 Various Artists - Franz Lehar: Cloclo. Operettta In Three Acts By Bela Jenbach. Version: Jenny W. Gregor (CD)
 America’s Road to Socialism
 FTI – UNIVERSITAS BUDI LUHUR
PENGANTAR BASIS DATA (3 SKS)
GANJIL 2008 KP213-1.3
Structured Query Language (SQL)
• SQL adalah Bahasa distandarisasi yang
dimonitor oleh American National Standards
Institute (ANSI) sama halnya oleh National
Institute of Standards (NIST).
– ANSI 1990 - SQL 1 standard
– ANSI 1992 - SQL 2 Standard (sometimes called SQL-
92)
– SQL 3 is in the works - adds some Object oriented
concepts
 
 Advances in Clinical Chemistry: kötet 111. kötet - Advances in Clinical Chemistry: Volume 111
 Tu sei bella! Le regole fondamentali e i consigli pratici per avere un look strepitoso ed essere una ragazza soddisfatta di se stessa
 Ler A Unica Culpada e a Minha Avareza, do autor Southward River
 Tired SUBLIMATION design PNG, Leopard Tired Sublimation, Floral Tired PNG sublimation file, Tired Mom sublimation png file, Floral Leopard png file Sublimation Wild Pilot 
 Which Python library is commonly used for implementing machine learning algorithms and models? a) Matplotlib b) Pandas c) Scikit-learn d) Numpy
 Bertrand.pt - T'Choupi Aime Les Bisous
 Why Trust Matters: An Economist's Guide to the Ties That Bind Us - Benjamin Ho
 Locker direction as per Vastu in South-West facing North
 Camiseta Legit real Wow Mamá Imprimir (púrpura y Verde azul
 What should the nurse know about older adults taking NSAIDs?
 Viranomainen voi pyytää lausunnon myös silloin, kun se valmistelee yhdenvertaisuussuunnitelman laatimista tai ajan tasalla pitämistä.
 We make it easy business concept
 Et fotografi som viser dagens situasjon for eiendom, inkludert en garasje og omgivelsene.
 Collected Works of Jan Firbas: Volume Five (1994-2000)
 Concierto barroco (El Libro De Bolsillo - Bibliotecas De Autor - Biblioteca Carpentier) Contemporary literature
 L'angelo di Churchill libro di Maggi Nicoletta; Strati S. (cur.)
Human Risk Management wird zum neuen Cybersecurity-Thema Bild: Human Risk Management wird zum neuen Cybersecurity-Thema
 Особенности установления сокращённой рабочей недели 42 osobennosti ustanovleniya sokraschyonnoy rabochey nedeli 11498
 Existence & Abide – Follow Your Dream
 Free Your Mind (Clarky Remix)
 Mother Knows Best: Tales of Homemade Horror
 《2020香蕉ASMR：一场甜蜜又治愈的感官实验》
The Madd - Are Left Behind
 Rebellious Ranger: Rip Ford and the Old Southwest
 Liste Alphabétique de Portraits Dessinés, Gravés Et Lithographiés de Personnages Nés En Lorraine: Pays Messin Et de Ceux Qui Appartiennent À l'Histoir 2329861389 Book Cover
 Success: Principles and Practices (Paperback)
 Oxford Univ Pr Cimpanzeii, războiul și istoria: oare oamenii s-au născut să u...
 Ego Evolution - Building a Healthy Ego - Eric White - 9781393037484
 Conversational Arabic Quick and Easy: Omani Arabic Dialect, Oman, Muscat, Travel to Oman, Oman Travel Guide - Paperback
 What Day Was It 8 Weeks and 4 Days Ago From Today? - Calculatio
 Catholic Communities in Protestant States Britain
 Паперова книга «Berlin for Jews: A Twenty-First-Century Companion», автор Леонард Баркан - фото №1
--
◆ **What you are asked to do**
Lines of the material that contain the word "National" are to be gathered.

◆ **Task response**
dimonitor oleh American National Standards
Institute (ANSI) sama halnya oleh National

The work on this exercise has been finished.